TURLOCK — It took 30 seconds for David Beall to jump out of his crisp, navy blue uniform and into full firefighting gear, half the time allotted in the Stanislaus County Occupational Olympics competition.
Beall, 17, who took first place in Firefighter Candidate Training, practices the drill at home with his Explorer turnouts.
“This is what I want to do with my life,” the Davis High Public Safety Academy student said without breaking his precision stance. “I do everything with intent.”
Firefighter drills, from turnout times to hauling hose up bleachers and crawling through framing underneath, were among 22 competitions that drew about 750 students from career courses all over Stanislaus County to the Turlock fairgrounds Wednesday morning.
Job application skills, including an oral board, were part of the firefighting competition overseen by Davis instructor Bob Watt. Watt said he wants to give his students know-how they can use anywhere.
“These are skills they can use no matter where they go in life,” he said. “Every day, I focus on character, ethics, accountability – for what goes wrong, as well as being accountable to do what needs doing.”
Back in the barn area, Hughson High instructor Mike Ellington watched over students skid steering a CAT and backing a compact tractor with trailer through cone-bordered courses. Think of high-performance driving courses, just far slower.
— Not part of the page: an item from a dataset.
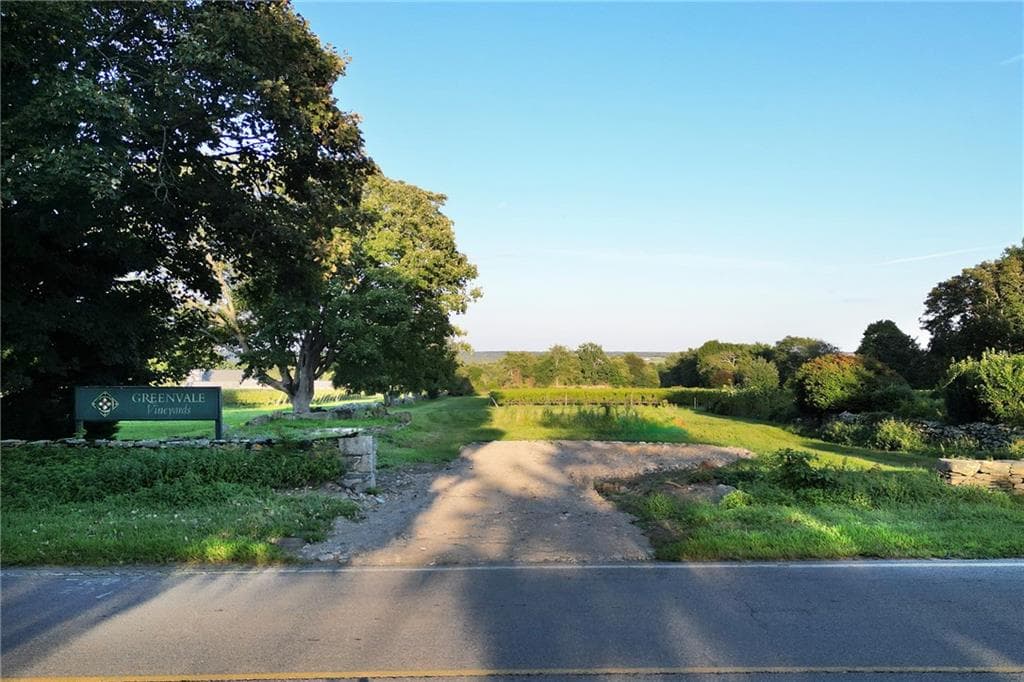 Unimproved Land at 610 Wapping Road, Portsmouth, photo 2 of 5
Precision driving, a safety test and making computer-aided repairs come with the ag equipment competition, Ellington said, “It’s not just turning a wrench anymore. These jobs are highly technical.”
Sitting in the robotics section, senior Eric Muñoz said he’s mentoring a team at Central Valley High in Ceres after going to world competitions with last year’s team.
“We were up practicing until 9 p.m. every day,” he said with a nostalgic sigh.
The competition involves building a robot that can perform a task on its own for 20 hair-pulling seconds before a driver takes charge. Wednesday’s drill was to lift, throw and push two sizes of balls.
“There’s a lot to it,” Muñoz said.
Floral arranging also takes a lot of behind-the-scenes work, noted instructor Krista Vannest. Students were tested on identification of plants and tools, construction of corsages and judging arrangements.
The classes train students for careers in floral shops, or profitable side businesses while they train for other careers.
The county contest tests many of the same skills as Future Farmers of America competitions, Vannest said, and helps her students prepare for the FFA regional competition this weekend.
“This county (Occupational Olympics) is the only one I know of like it,” she said. “Our kids who are competing Saturday will have an advantage.”
Patterson High student Alie Tyler, 16, said she practices identification drills on the computer every day in class and generally gets them all right.
“I want to get a degree in ag floral and be a florist,” she said. Helping prepare wedding bouquets and table decorations for a school function, Tyler said, convinced her that this was the field for her.
Coolly evaluating four floral arrangements, Cassidy Schmidt of Beyer High said she checks the shape of the bouquet, the fullness and overall pleasing look of the piece.
“This one’s all over the place,” Schmidt, 17, said with a shake of her head. “It’s just what looks better.”
Other competitions challenged students in career techniques from accounting to welding, hairstyling to auto tech, salad making to video game design. Three team awards were given in all the competitions.
Turlock High captured the Large School Overall Award. Hughson High took home the Small School Overall Award.
Modesto Junior College FFA Field Day will be from 7:30 a.m. to 4 p.m. Saturday at many sites on the MJC East and West campuses.